Search engine categories
Web search engines
Search engines that are expressly designed for searching web pages, documents, and images were developed to facilitate searching through a large, nebulous blob of unstructured this and that. They are engineered to follow a multi-stage process: crawling the infinite stockpile of pages and documents to skim the figurative foam from their contents, indexing the foam/buzzwords in a sort of semi-structured form (database or something), and at last, resolving user entries/queries to return mostly relevant results and links to those skimmed documents or pages from the inventory.
In the case of a wholly textual search, the first step in classifying web pages is to find an ‘index item’ that might relate expressly to the ‘search term.’ In the past, search engines began with a small list of URLs as a so-called seed list, fetched the content, and parsed the links on those pages for relevant information, which subsequently provided new links. The process was highly cyclical and continued until enough pages were found for the searcher’s use. These days, a continuous crawl method is employed as opposed to an incidental discovery based on a seed list. The crawl method is an extension of aforementioned discovery method. Except there is no seed list, because the system never stops worming.

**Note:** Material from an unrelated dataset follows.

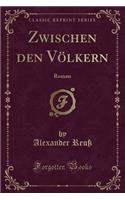 Zwischen Den Völkern: Roman (Classic Reprint)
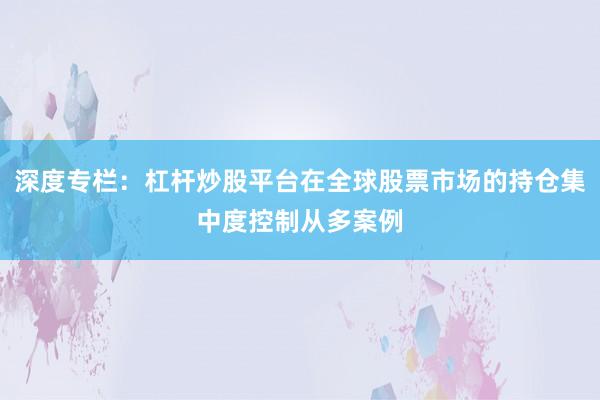 深度专栏：杠杆炒股平台在全球股票市场的持仓集中度控制从多案例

Most search engines use sophisticated scheduling algorithms to “decide” when to revisit a particular page, to appeal to its relevance. These algorithms range from constant visit-interval with higher priority for more frequently changing pages to adaptive visit-interval based on several criteria such as frequency of chance, popularity, and overall quality of site. The speed of the web server running the page as well as resource constraints like amount of hardware or bandwidth also figure in.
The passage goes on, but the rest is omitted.